Matthias Helwig übernimmt

Als Velten zwei Jahre später bei einem Autounfall tödlich verunglückt, bewirbt Helwig sich mit einer guten Mischung aus Blauäugigkeit und Idealismus um die Nachfolge. Weder die Witwe noch die Bank lassen sich von fehlender Krawatte und mangelndem Businessplan abschrecken. Dafür lassen sie sich von Helwigs tiefsitzender Kinobegeisterung überzeugen, schenken ihm Vertrauen und gewähren Kredit.

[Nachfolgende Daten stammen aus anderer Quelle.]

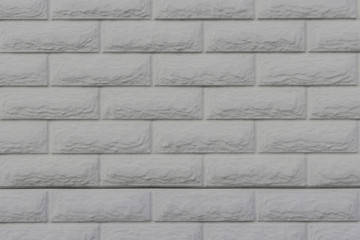 Fototapeta premium White decorative brick wall as a background, texture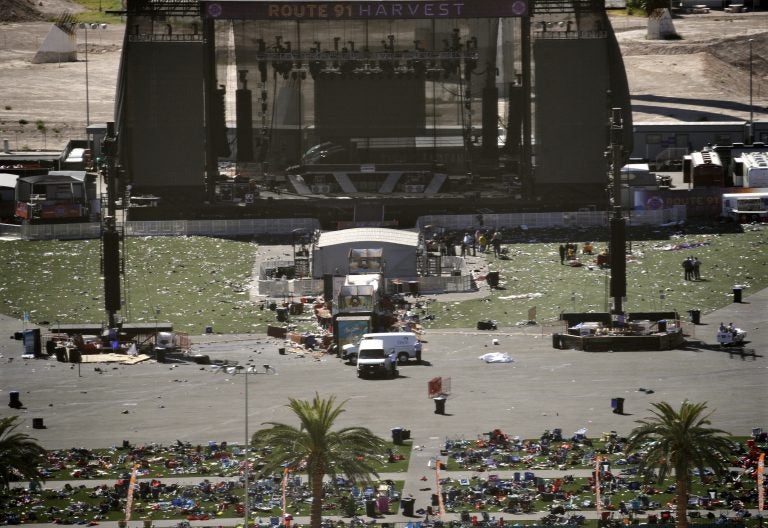 Debris is strewn through the scene of a mass shooting at a music festival near the Mandalay Bay resort and casino on the Las Vegas Strip, Monday, Oct. 2, 2017, in Las Vegas. (AP Photo/John Locher)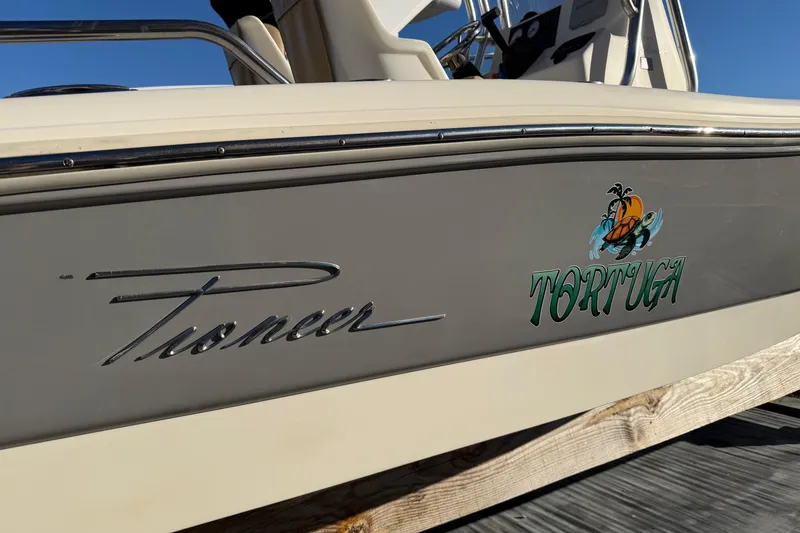 Slide: The Image of 2016 Pioneer 175 Bay Sport boat with "Tortuga" logo on the side. - 2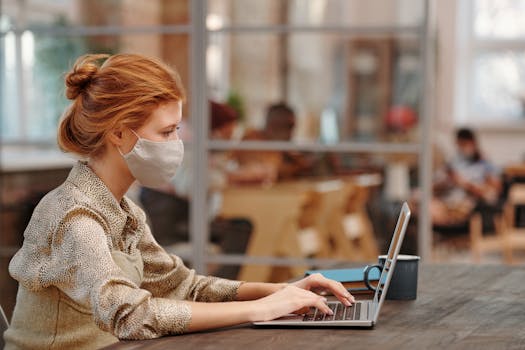 Red-haired woman wearing mask, working on laptop in trendy indoor office space.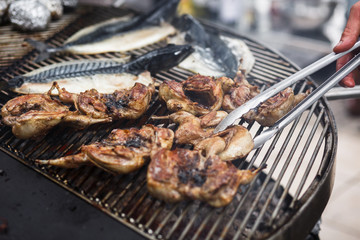 Fresh barbecue chicken on open grill
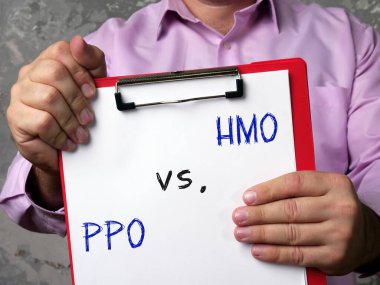  Financial concept meaning health maintenance organization HMO vs. PPO Preferred provider organization with phrase on the page clipart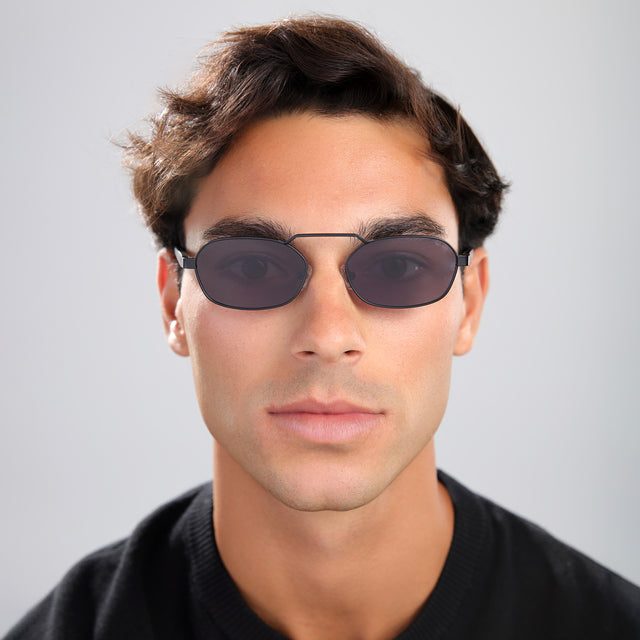Man with brown hair in a black tee wearing Bimini Sunglasses Matte Black with Grey Flat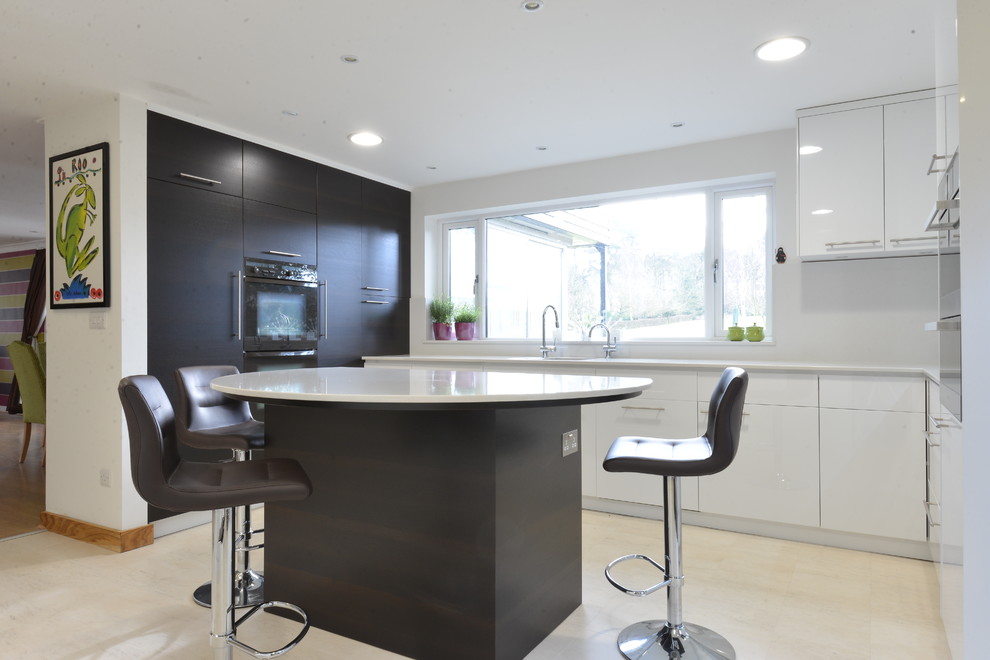 Mid-sized contemporary u-shaped open plan kitchen in Cambridgeshire with an undermount sink, flat-panel cabinets, white cabinets, quartzite benchtops, white splashback, ceramic floors and with island.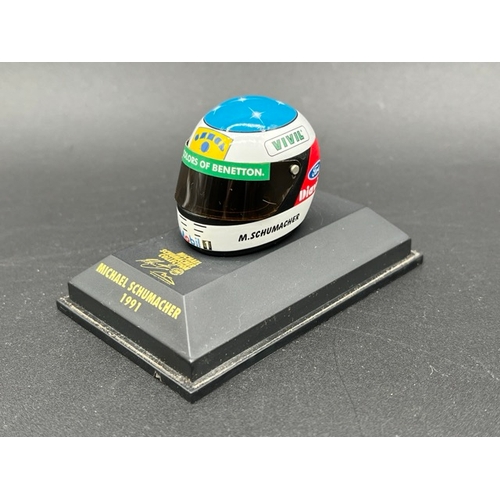 298 - 13 Minichamps 1/8 scale Michael Schumacher drivers Helmets spanning 1989 to 1998, plus two Hot Wheel...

Herzblut-Engagement fürs erste Kino: Es sollte nicht lange dauern, bis das Kino Breitwand acht Filme gleichzeitig zeigte. Abend-, Spät- und Matinee-Vorstellungen sowie Kinderfilme ergänzten bald das Programm. Statt Langeweile herrschte plötzlich rege Betriebsamkeit. Der frisch gebackene Kinobesitzer spannte Freunde ein, Plakate mussten gehängt, Zeiten abgestimmt werden. Helwig verbrachte mehr Abende im Kino als bei der Familie, entdeckte neue Möglichkeiten, seine Liebe zum Film, seine Kreativität zu kanalisieren. Schon im ersten Jahr zahlte sich sein Herzblut-Engagement aus: Das Breitwand wurde für sein herausragendes Jahresfilmprogramm in Bayern vom BKM ausgezeichnet.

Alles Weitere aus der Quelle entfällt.